Task brief: The answer is to be the data that follows, transcribed exactly, minus its pictures.

──────────

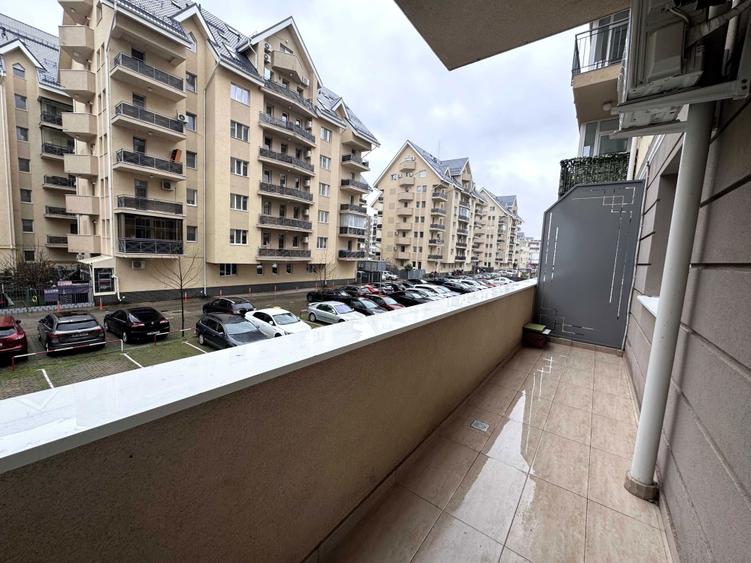 Proprietar - Apartament 2 camere NOU + Parcare | Prima inchiriere | -Popesti Leordeni Jud Ilfov - 2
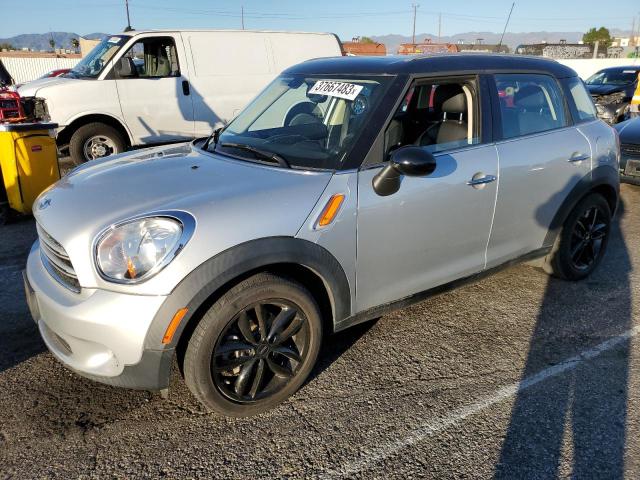 Mini Cooper cou (2015)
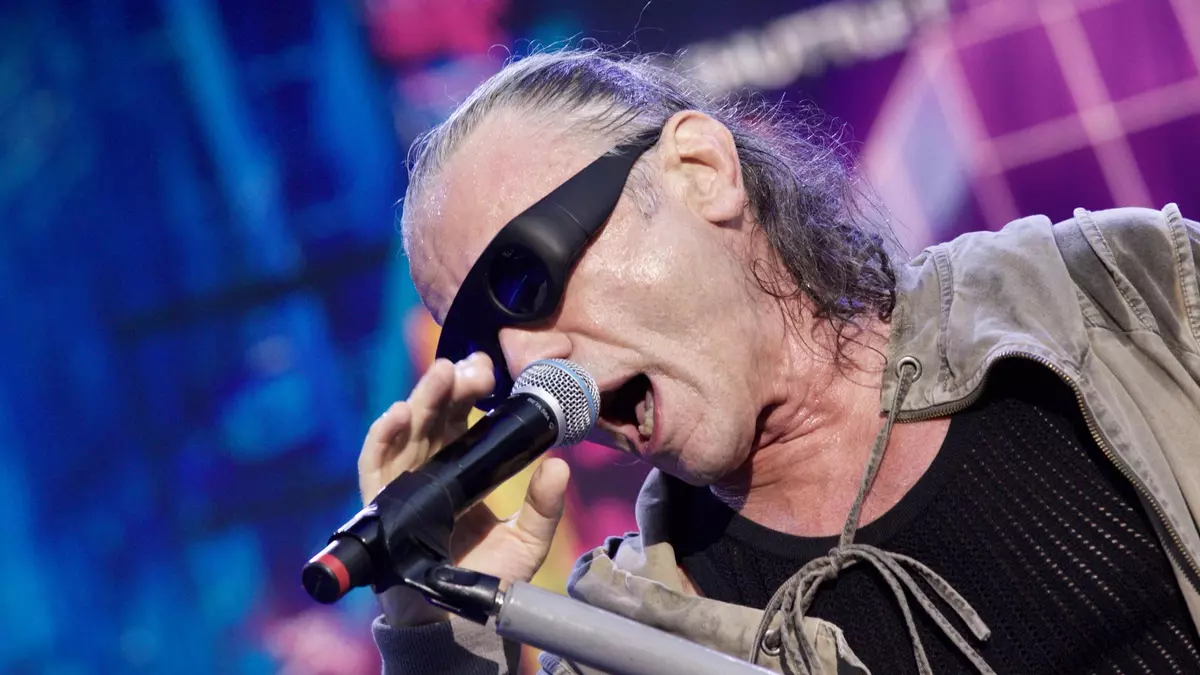 Iron Maiden en Murcia: cuando ruge la marabunta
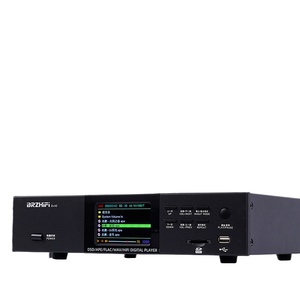 เครื่องเล่นแผ่นเสียงดิจิตอล <span class=keywords><strong>brzhifi</strong></span> 2025 DV40C ใหม่เครื่องเล่น DSD ต้นแบบ lossless ถอดรหัส ES9039สำหรับ5.3ผลิตในประเทศจีน - Product Image 6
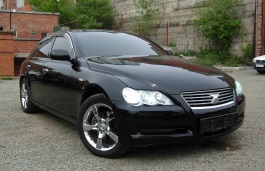 toyota mark-x I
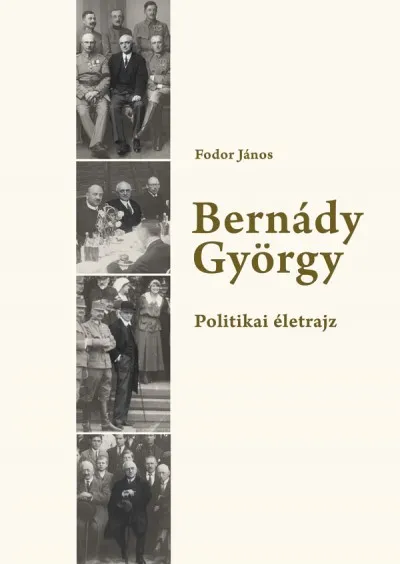 Outlet Bernády György - Politikai életrajz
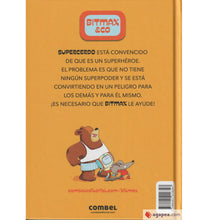 Load image into Gallery viewer, Bitmax & Co. 2: Supercerdo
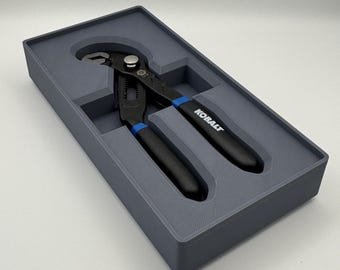 Gridfinity Kobalt Mini Plier Set – 3D Printable STL Bundle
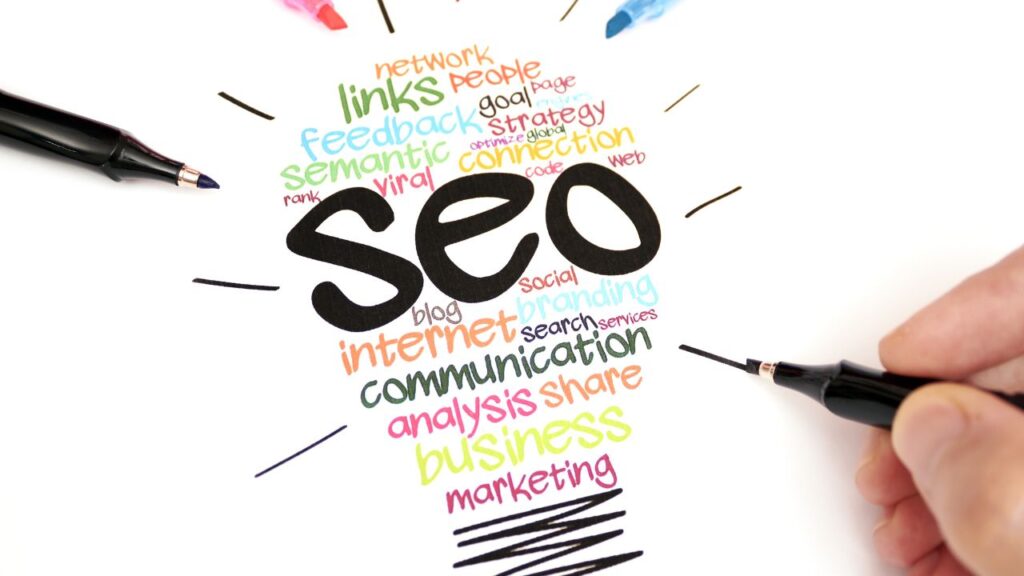 SEO builds brand awareness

──────────

Written answer:
 Proprietar - Apartament 2 camere NOU + Parcare | Prima inchiriere | -Popesti Leordeni Jud Ilfov - 2
 Mini Cooper cou (2015)
 Iron Maiden en Murcia: cuando ruge la marabunta
 เครื่องเล่นแผ่นเสียงดิจิตอล <span class=keywords><strong>brzhifi</strong></span> 2025 DV40C ใหม่เครื่องเล่น DSD ต้นแบบ lossless ถอดรหัส ES9039สำหรับ5.3ผลิตในประเทศจีน - Product Image 6
 toyota mark-x I
 Outlet Bernády György - Politikai életrajz
 Load image into Gallery viewer, Bitmax & Co. 2: Supercerdo
 Gridfinity Kobalt Mini Plier Set – 3D Printable STL Bundle
 SEO builds brand awareness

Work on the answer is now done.